The NG liquefaction process in liquefied heat exchanger.

For HMR and LMR in LNG heat exchanger, the pressure of HMR decreases and that of LMR increases with the operation time if the throttle value is not shut in the ESOP. The pressure of HMR is finally balanced with that of LMR. By the heat transfer in crosswise direction of LNG heat exchanger, the temperature of HMR and LMR increases as the operation time increases in the ESOP. And the temperature finally reaches the equilibrium state between LMR and HMR. In practical engineering, the temperature or pressure of MR is intricately changed with the operation time in ESOP. In order to conveniently analyze the relationship between stress of PFS and ESOP, the follow simplification should be needed: (1) The temperature difference is assumed to be constant between HMR and LMR in the ESOP because that the influence of temperature change rate of LMR is not obvious for the stress of PFS [15]. In other word, the temperature change rate of LMR remains constant in the ESOP and is the same as that of HMR. Finally, the temperature of LMR reaches the balance temperature (T_b). (2) The HMR pressure is assumed to linearly decrease with the operation time in the ESOP. The LMR pressure linearly increases with the operation time of that.

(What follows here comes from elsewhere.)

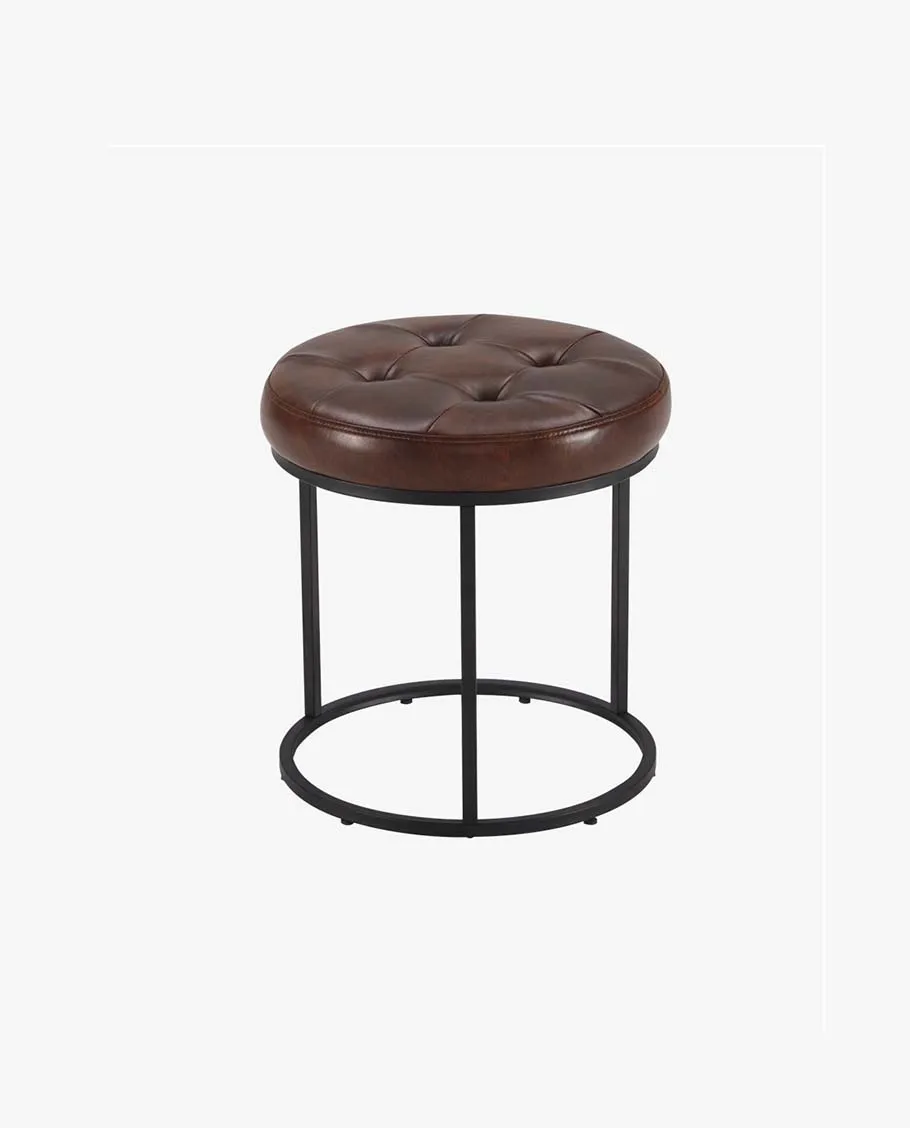 Cheyenne Button Tufting Vanity Stool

And the pressure of HMR and LMR finally reaches the balance pressure (P_b). Figure 2 is the diagram of relationship between the pressure and temperature of MR (LMR and HMR) and the operation time in the ESOP which the operational parameters in the normal operation are the HMR pressure P_HMR = 4.1 MPa, LMR pressure P_LMR = 0.4 MPa, HMR temperature T_HMR = 160 K and LMR temperature T_LMR = 150 K. The relationship between stress of PFS and ESOP is analyzed in the ESOP based on the above assumptions.

Fig. 2

The diagram of relationship between the pressure and temperature of MR (LMR and HMR) and the operation time in the ESOP.

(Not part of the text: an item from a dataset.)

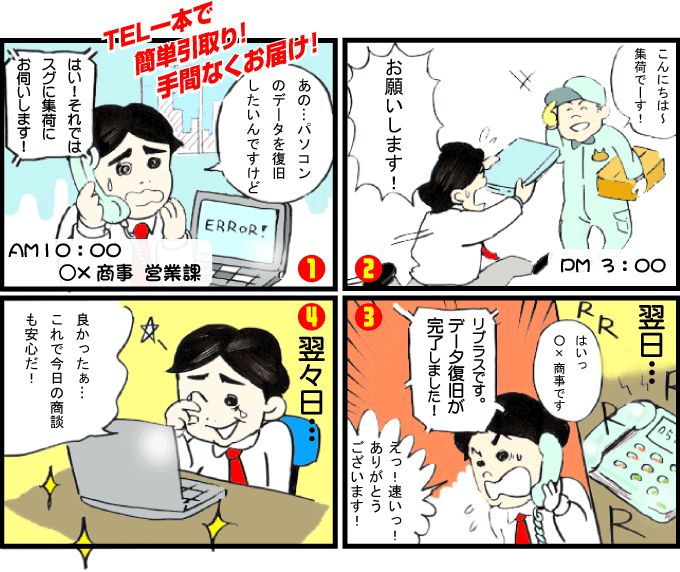 急いで取り戻したい方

3 Finite element analysis method

3.1 Analysis model

The PFS are a key component of heat exchanger which is used in LNG plant. It mainly consists of fins and plates [16, 17]. Figure 3 is the diagram of PFS. Table 1 is the detailed structural parameters of that. According to Figure 1, the structures are cyclic repeatability and complexity for PFS in LNG plate-fin heat exchanger. Some problems should be assumed for simplifying the analysis model in order to conveniently analysis. In this paper, the relationship between stress of PFS and ESOP is assumed to be no impacted by the layers number. The flow of HMR alternates with that of LMR and counter-flows, as shown in Figure 3. The fluid temperature variations along the length direction of PFS are neglected in a very short length (L). Thus, only one unit of PFS was analyzed which makes up of four layers plate and fin. And the length (L) of that is in a very short, as shown by dotted lines in Figure 3. The simplified model on PFS is showed in Figure 4a. Figure 4b is the local structure of region 2 in Figure 4a. In this analysis model, the interface between plate and brazing material and between brazing material and fin is defined as Path 1 and Path 2, respectively. The regions 1 and 2 are the brazed joint of PFS which is the small transitional arc on the two terminals of the brazing seam. Path 3 is located at the position that is along the brazed joint (region 2 in Fig. 4) and rectangular region (region 3 in Fig. 4).

Fig. 3

The diagram of PFS. d is Plate thickness; h, Fin height; L, Effective length; f, Fin thickness; and g, Fin width $(g = \frac{100}{Fin Number} - Fin Thickness)$ $\left(g=\frac{100}{\mathrm{Fin}\enspace \mathrm{Number}}-\mathrm{Fin}\enspace \mathrm{Thickness}\right)$ .

Fig. 4

The model of PFS and local structures. (a) The model of brazed structure. (b) The local structure in brazed joint (region 2).

Table 1

Geometric structure parameters (from No. 1 to No. 5 are defined from the bottom plate to tops).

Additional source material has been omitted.